Google日本語入力の背景に好きな画像を使えると気づいて、なんとなくゴリラの画像を設定してみた。
とにかく最初の頃は破壊力が半端じゃない。
健やかなるときも病めるときも、等しくゴリラが鋭い眼光でこちらを見つめてくるものだから、異様に落ち着かないし何より気を抜くと吹き出してしまう。
想像してみてほしい。うっかりテキストボックスをタップしてしまうと、画面下からスッと唐突にゴリラが現れるのだ。
もしそれが笑っちゃいけない場所だったりしても、耐えられる自信がない。
他人に画面を覗かれることにも敏感になった。
なんでこの人、キーボードがゴリラなんだろう?
頭おかしいのかな、と容易に疑われてしまう。
そこは普通はゴリラが常駐していいスペースではないからだ。
そんな調子で、出先でスマートフォンを使う際にもいちいち細心の注意を要する有様だった。
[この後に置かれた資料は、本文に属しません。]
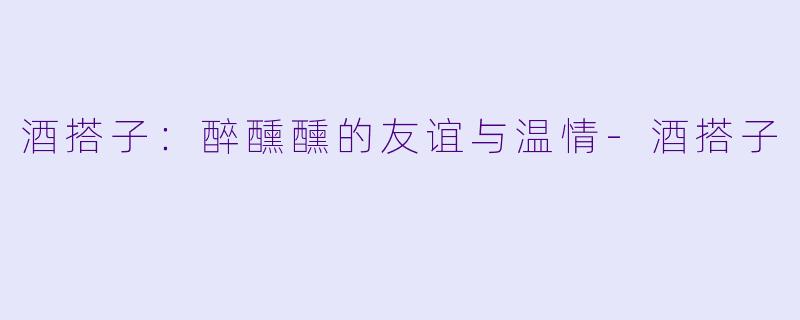 酒搭子：醉醺醺的友谊与温情-酒搭子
そもそもただでさえ、頭と指先を鍛えるぞ! と一念発起し、ホーム画面をわざと使いにくくした後だったのだ。
脳が死なないように、スマホのホーム画面からアイコンをすべて消してわざとめんどくさくしました
— 神宮カミト (@kamito620) 2017年4月27日
電話ラインブラウザなど、よく使う機能はなにもない空間を特定のジェスチャーでスワイプすると出るようにした。家で弄る時には問題ないのに出先では全然咄嗟に思い出せなくて、良い感じにつらいです
— 神宮カミト (@kamito620) 2017年4月27日
昔はスタイラスで超小さいバツボタンとか押してた訳だから、それくらいの困難をもってモバイルと向き合いたいですね
— 神宮カミト (@kamito620) 2017年4月27日
大好きな我妻由乃の素敵に血まみれな画像を壁紙に設定したので、ジェスチャー思い出せなくて長時間ホーム晒してると人格を疑われるという仕様です
— 神宮カミト (@kamito620) 2017年4月27日
そんな日々さえも、適応という小さな進化が、段々と塗りつぶしていく。
テキストボックスをタップすると当たり前にゴリラが登場するが、もはや動じることはない。
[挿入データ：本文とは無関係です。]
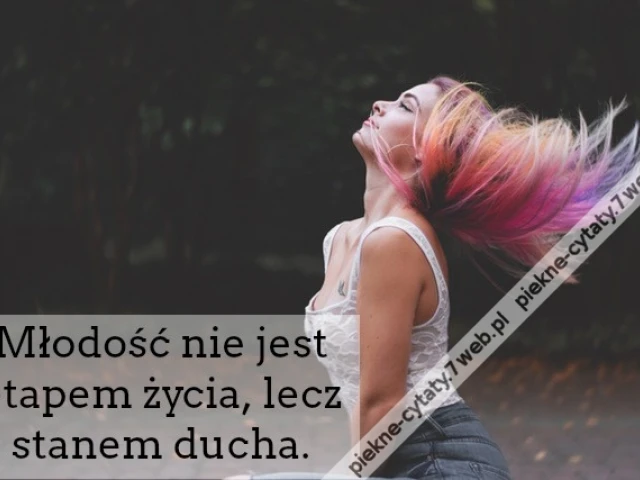 Młodość nie jest etapem życia, lecz stanem ducha.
鋭く見えた眼光は穏やかさと慈しみを湛えた優しいものに変わり、それさえも通り抜けていく。
――ただの背景のゴリラだ。
そのことに気づいた時、またしてもゴリラが襲ってくる。なんだこれ、どういう状況だよという自分へのツッコミが腹の底で笑いに変わり、思わず口の端が歪んでしまう。
もしそれが笑っちゃいけない場所だったりしても、耐えられる自信がない。
いま、自分は便利さとは遠いところにいる。